File photo of Helotes City Hall sign
Brian Kirkpatrick
Texas Public Radio
File photo of Helotes City Hall sign

The City of Helotes wants Bexar County to fund its emergency dispatch operations since it is no longer cost-efficient for the city to do so.

Helotes Mayor Rich Whitehead asked Bexar County Commissioners last week to fund their dispatch center or to add dispatchers at the county sheriff's office to handle the city's emergency calls.

Whitehead said his city could pitch in to pay for new dispatch equipment to replace equipment that will become obsolete in mid-July. He said Helotes could use funds from the American Rescue Plan Act.

"Helotes can purchase the consoles. We can use ARPA money for that as well, but it really only makes sense if Bexar County decides to go forward and fund the Helotes dispatch operations for a period of two years," said Whitehead.

Talks between the county and Helotes will continue. Whitehead said savings from a dispatch agreement with the county could be used to pay for more police officers. He said the growing city of more than 12,000 people has not added a new police officer in 10 years.

A planned subdivision with 3,000 homes, north of Helotes, is adding to the area's growth.

The sheriff's department reported it would need to hire more dispatchers to handle the request from Helotes if the commissioners decided they should handle the calls.

In other county business last week, an outside audit found Bexar County government to be in tip-top shape.

The 2021-2022 county budget is just below $3 billion to fund operations and massive capital projects and to pay 5,000 county employees.

Garza-Gonzales and Associates did a lot of number crunching to find the county's overall financial standing free of deficiencies and in compliance with regulations.

County Judge Nelson Wolff said Bexar County has some of the best credit in the nation despite the pandemic, which can hurt local government tax revenues.

"This is precisely why we're one of the few governments left in the United States that has a triple A credit rating from all three credit agencies, which again is a very unusual thing to be going on this time of year," the judge said.

Wolff credited the county's conservative spending habits and oversight by the county's budget and auditor's offices for the outside audit findings.

In other action, county commissioners issued a proclamation to honor the Oak Hills Country Club on its 100th anniversary.
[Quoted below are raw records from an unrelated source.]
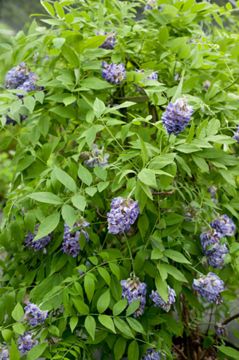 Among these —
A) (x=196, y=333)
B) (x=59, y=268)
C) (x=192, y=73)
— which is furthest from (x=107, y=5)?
(x=196, y=333)

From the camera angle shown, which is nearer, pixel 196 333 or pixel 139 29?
pixel 139 29

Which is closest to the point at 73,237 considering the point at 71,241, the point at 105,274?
the point at 71,241

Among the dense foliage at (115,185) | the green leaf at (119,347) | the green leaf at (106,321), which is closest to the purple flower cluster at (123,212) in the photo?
the dense foliage at (115,185)

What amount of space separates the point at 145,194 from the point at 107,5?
778 mm

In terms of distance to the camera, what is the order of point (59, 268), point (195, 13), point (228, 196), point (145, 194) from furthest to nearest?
point (195, 13) < point (228, 196) < point (59, 268) < point (145, 194)

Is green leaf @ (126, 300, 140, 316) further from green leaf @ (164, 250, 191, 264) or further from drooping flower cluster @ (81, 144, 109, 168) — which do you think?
drooping flower cluster @ (81, 144, 109, 168)

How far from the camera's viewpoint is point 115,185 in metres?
1.28

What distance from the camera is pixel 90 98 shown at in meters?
1.47

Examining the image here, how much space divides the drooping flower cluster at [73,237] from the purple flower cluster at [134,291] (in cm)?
16

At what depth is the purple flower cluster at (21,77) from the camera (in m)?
1.52

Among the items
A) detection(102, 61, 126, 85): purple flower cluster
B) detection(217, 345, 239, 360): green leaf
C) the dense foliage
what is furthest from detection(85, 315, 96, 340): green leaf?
detection(102, 61, 126, 85): purple flower cluster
County Commissioner Tommy Calvert read the proclamation.

"It was founded 100 years ago in 1921 as the Alamo Country Club, designed by renowned architect A.W. Tillinghast," the proclamation began.

The course on Fredericksburg Road closed during the Great Depression, but reopened after World War II as Oak Hills Country Club. The course is known for small greens and deep bunkers. It has hosted a number of PGA events, including the inaugural championship tournament in 1987, won by Tom Watson.

Tillinghast designed 268 golf courses, including the one at Brackenridge Park.